Divorce debate should draw out the most sound public policy


    It is not a sound argument to say that just because the Philippines is today the only state in the world besides the Vatican that does not have a divorce law, Congress should move to pass the bill allowing divorce, or the dissolution of marriage.

    It is similarly not a justification to preserve the status quo of no divorce, just because the country has never had such a law since the beginning of the Republic.

    The issue should not be resolved or dismissed with just a simplistic examination of the present situation and real problems of married couples in Philippine society.

    The issue should not be abstracted from the reality.

    The thing to emphasize is that the Congress should seek the proper and most appropriate public policy for our society and for the nation. The benefits must be reckoned.

    There are many approaches and factors that should be considered.

    First, it is clear that there are many Filipino couples that need an efficacious way to end their marriage bonds, without suffering the costly and prolonged process that now prevails.

    The state should not help prolong the agony of a spouse who is abused physically, mentally and emotionally in the marriage, by preventing her from getting out of that bondage.

    Second, there is an existing process under the law through which a couple can turn in order to sever their marriage contract. The problem with that process for most couples that go through it is the length of time it takes to achieve its purpose. Thus, that process only needs a solution to such problem.

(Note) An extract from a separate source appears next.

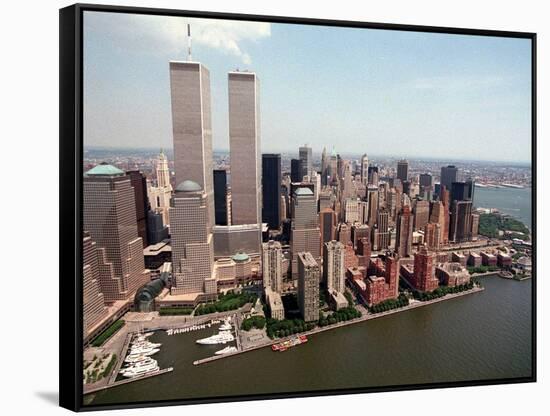 The Twin Towers of the World Trade Center Rise Above the New York Skyline-null-Framed Stretched Canvas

    Third, it is also undeniable that the legal and cultural difficulty of severing marriage in the country has served as one factor that has contributed to family cohesion and the proper rearing of children.

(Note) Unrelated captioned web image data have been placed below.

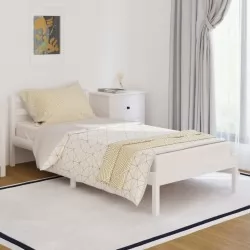 Рамка за легло, борово дърво масив, 90х200 см, бяла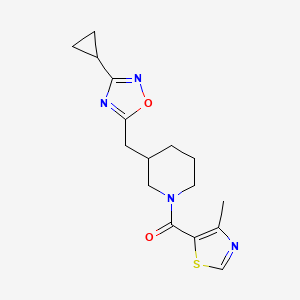 (3-((3-Cyclopropyl-1,2,4-oxadiazol-5-yl)methyl)piperidin-1-yl)(4-methylthiazol-5-yl)methanone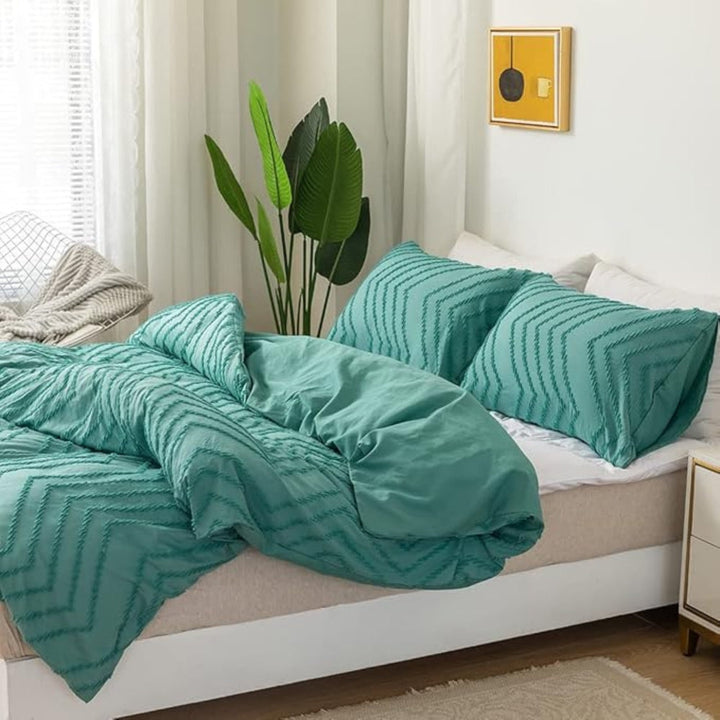 Lisslune | Chevron Plush Quilt Cover | 3pcs Set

    Fourth, strong family bonds contribute enormously to the vitality and dynamism of the Philippine economy today. Family solidarity is partly the reason why the overseas Filipino workers (OFWs) program is such a major success, now contributing $30 billion dollars a year to the economy in terms of remittances.

    Some legislators are energetically pushing the divorce legislation because they themselves seek to benefit from it in their personal lives. Others are interested because they believe an easy process in ending marriage is the direction where the whole world is going.

    Still others have valid grounds to seek divorce.

    There are also those who fear that by adopting the no-fault divorce policy of, say, the United States, we could be courting what is dysfunctional in American society. Filipinos could wind up treating a divorce court like a fast-food restaurant.

    All these arguments deserve hearing and study.

    And so does the argument by Senate President Aquilino Pimentel 3rd that perhaps the best solution may be to make annulment less stringent, speedier and more affordable.

    This merits study, because if thoughtfully legislated, the country could benefit: 1) from the longer commitment of couples to their marriages and families; 2) the affirmation of the stability of Filipino families; 3) the provision of relief for couples whose relationships are hopeless; 4) the cultural benefits that would accrue to the young and rising Filipino generations.

    Divorce should be examined and debated along a wide spectrum of concerns and issues, and should not be rushed just because of pressure from the House Speaker who sponsored it. His personal circumstances should not figure in the discussions of the merits of the bill.

    The way to achieve good public policy is through an informed, considerate decision that is supported by the majority of the people.